**ENTRIES PROVIDED:**
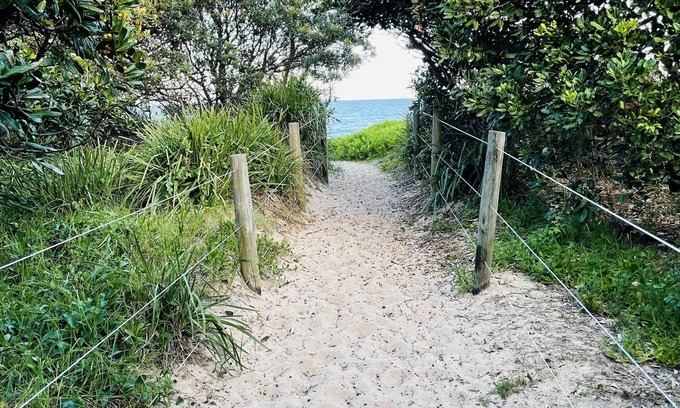 Diamond Beach House | Absolute beachfront holiday home with private heated pool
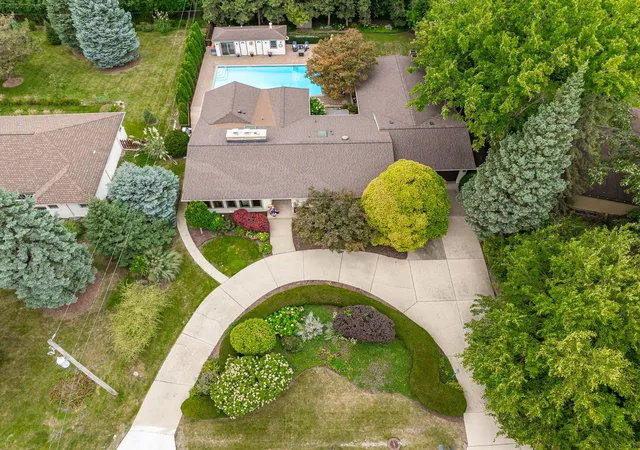 Photo 2 of Single family home for sale at 12 Meadowood Dr, Oak Brook, IL 60523 | MLS# 12756857 | Listing updated on 2026-09-13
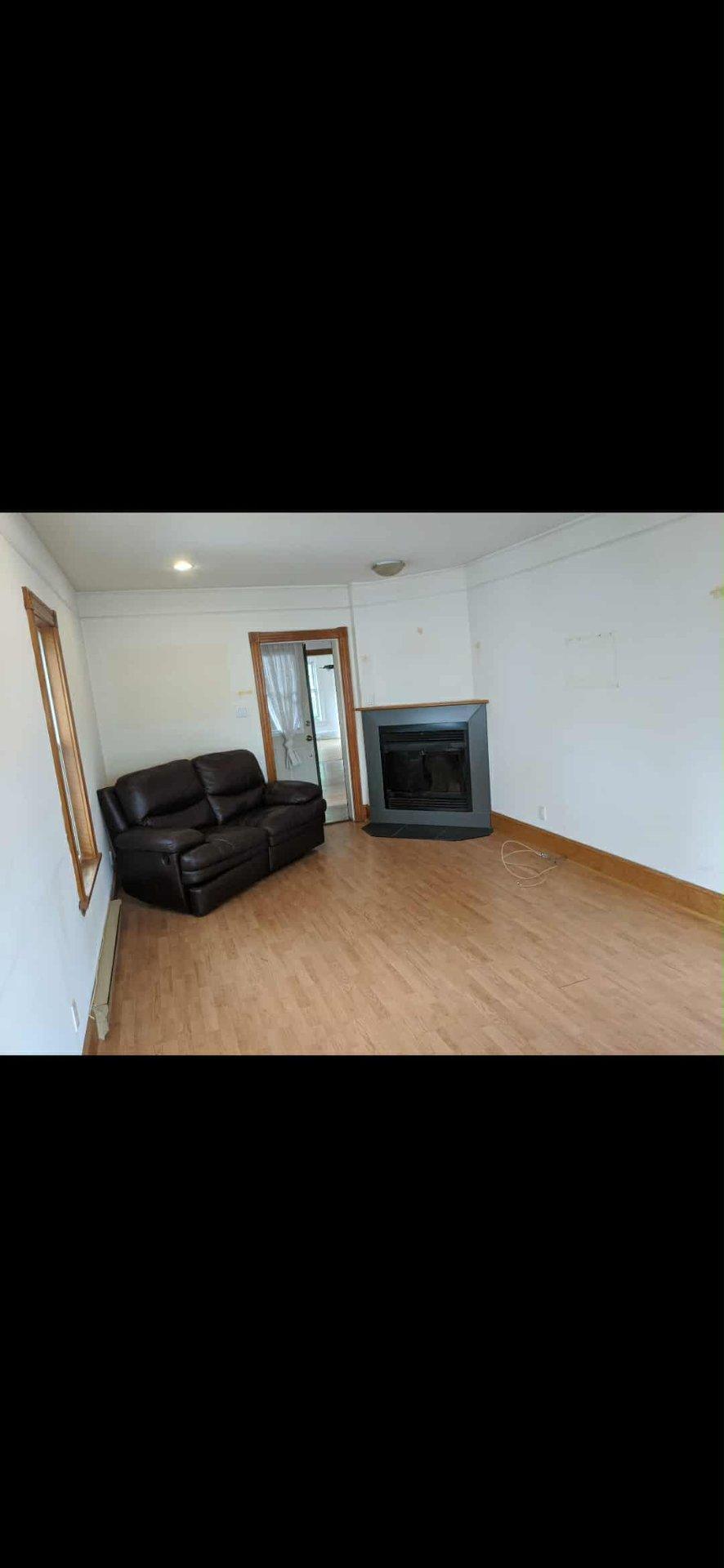 









214

 - 216


Rue St-Charles

,
Saint-Jean-sur-Richelieu,




QC
J3B2E1

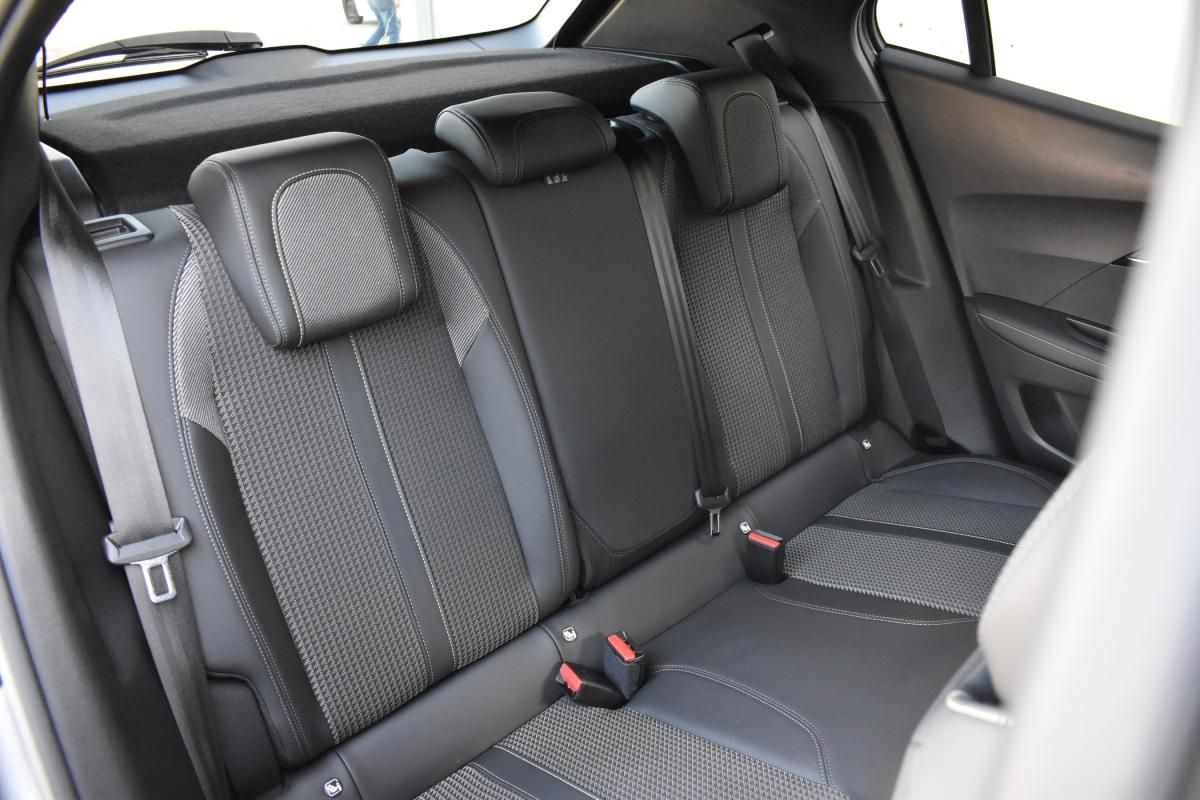 peugeot-2008-2020-gasolina-1199cc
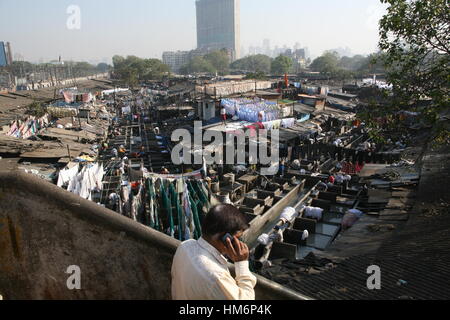 Waschen, waschen, Tag, Waschtag, Hand, waschen, Wäsche, und hängende, Kleidung, am Dhobi Ghat, Mahalaxmi, Mumbai, Bombay, Maharashtra, Indien. Stockfoto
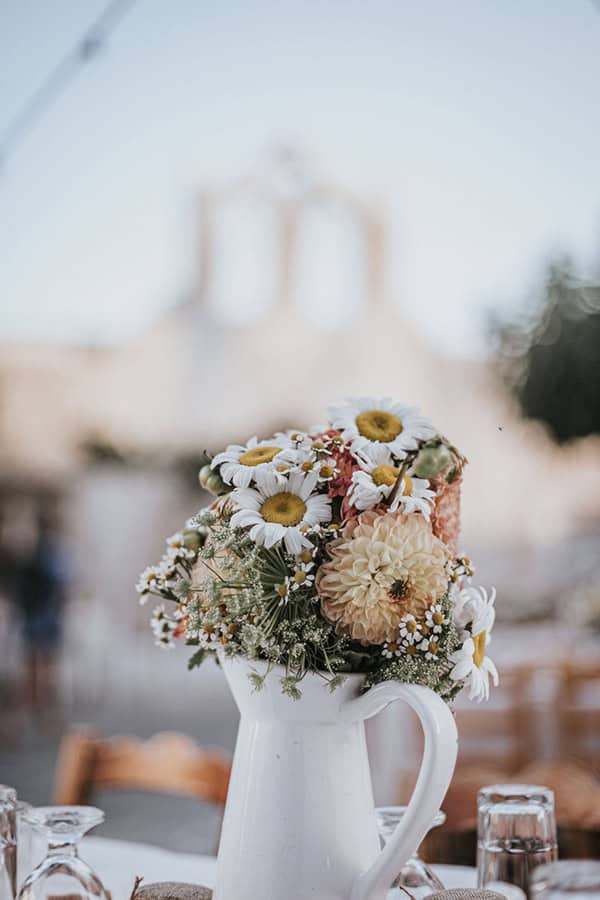 rustic-chic-summer-wedding-folegandros-pale-peach-dahlias-chamomile_39
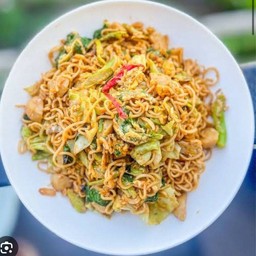 มาม่าผัดไข่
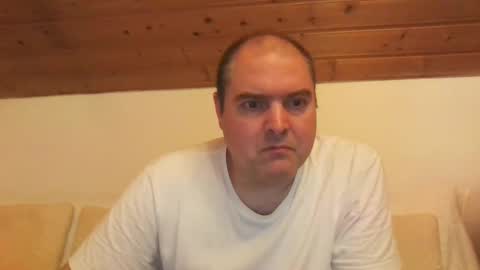 Snapshot of bear037 chatting on September 30, 7:35 pm bear037 online show from September 30, 7:35 pm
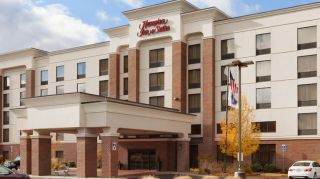 animal hotels hartford Hampton Inn & Suites Hartford/East Hartford
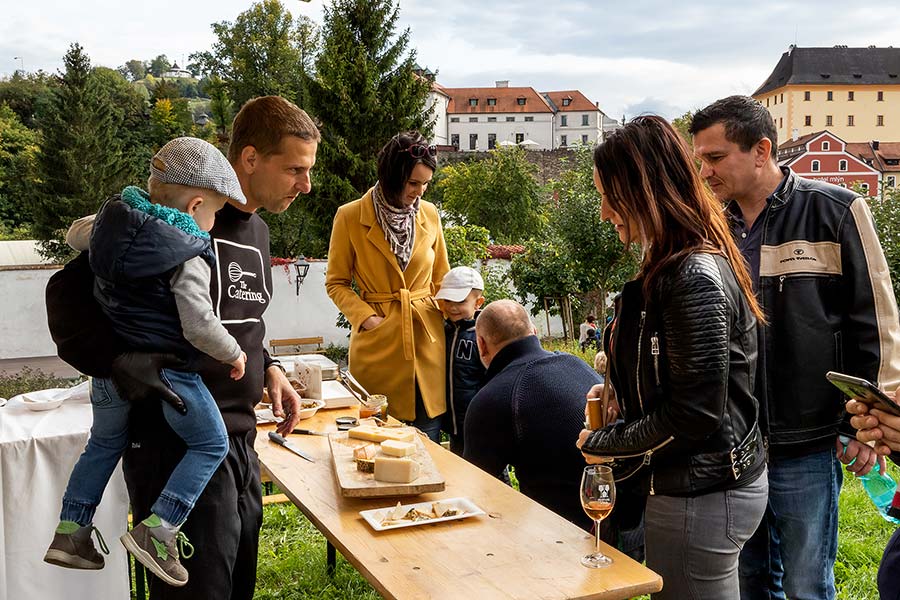 Saint Wenceslas Celebrations and International Folk Music Festival 2019 in Český Krumlov, Saturday 28th September 2019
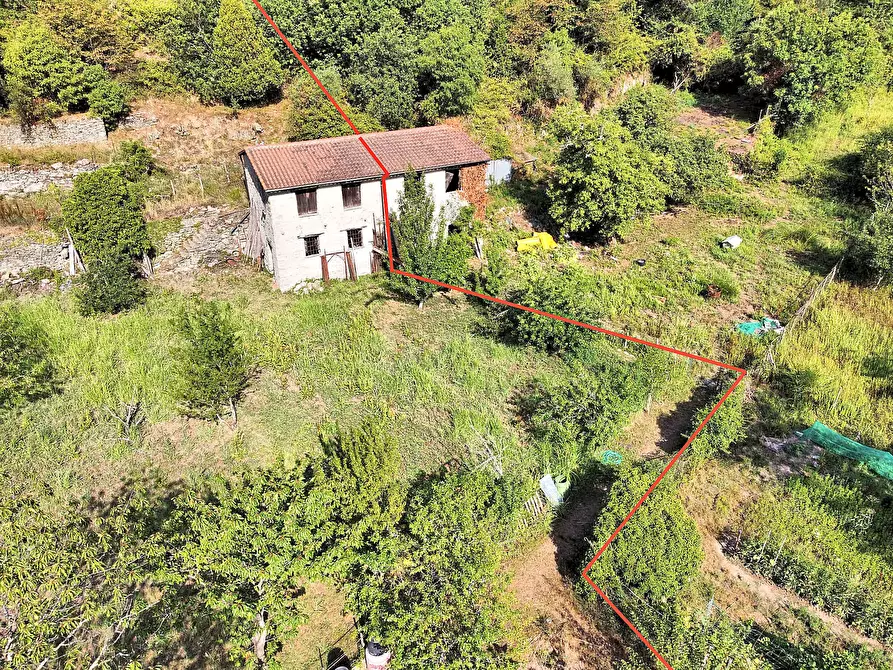 Immagine 33 di Quadrilocale in vendita  in Via Ponti Romani 31 a Recco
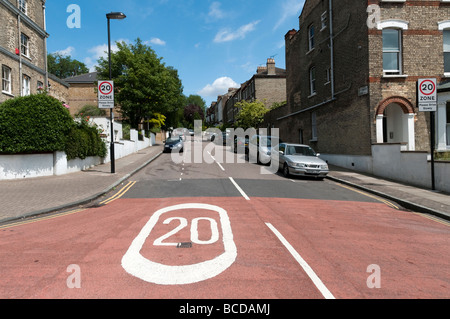 20 km/h Höchstgeschwindigkeit Straße im Wohngebiet Straße London England Großbritannien UK Kennzeichnung Stockfoto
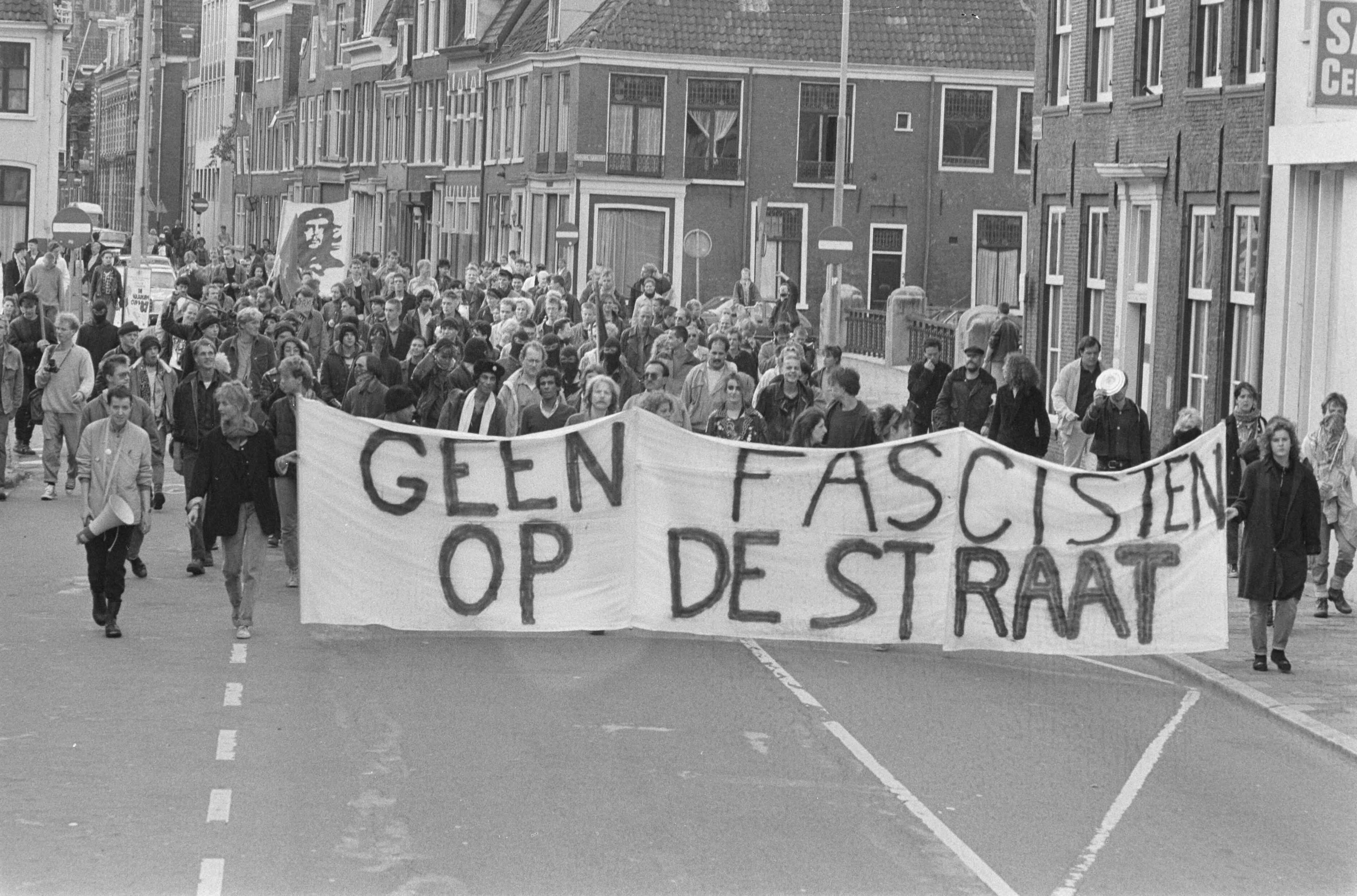 Fotocollectie Anefo — Landelijke initiatiefgroep "Geen fascisten op straat" demonstreren in Haarlem tegen aankondiging dem. centrumdemocraten — Foto: Bogaerts, Rob / Anefo. Licentie: Set B: Rechtenvrij / Publiek Domein. Bron: Nationaal Archief. http://hdl.handle.net/10648/ad643420-d0b4-102d-bcf8-003048976d84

**ASSIGNMENT:**
Because only one stretch of the records is wanted, please output the lines from the one holding "Photo 2 of Single" through the one holding "peugeot-2008-2020-gasolina-1199cc" exactly, both included, and leave every picture out.

**PROBLEM SOLUTION:**
 Photo 2 of Single family home for sale at 12 Meadowood Dr, Oak Brook, IL 60523 | MLS# 12756857 | Listing updated on 2026-09-13









214

 - 216


Rue St-Charles

,
Saint-Jean-sur-Richelieu,




QC
J3B2E1

 peugeot-2008-2020-gasolina-1199cc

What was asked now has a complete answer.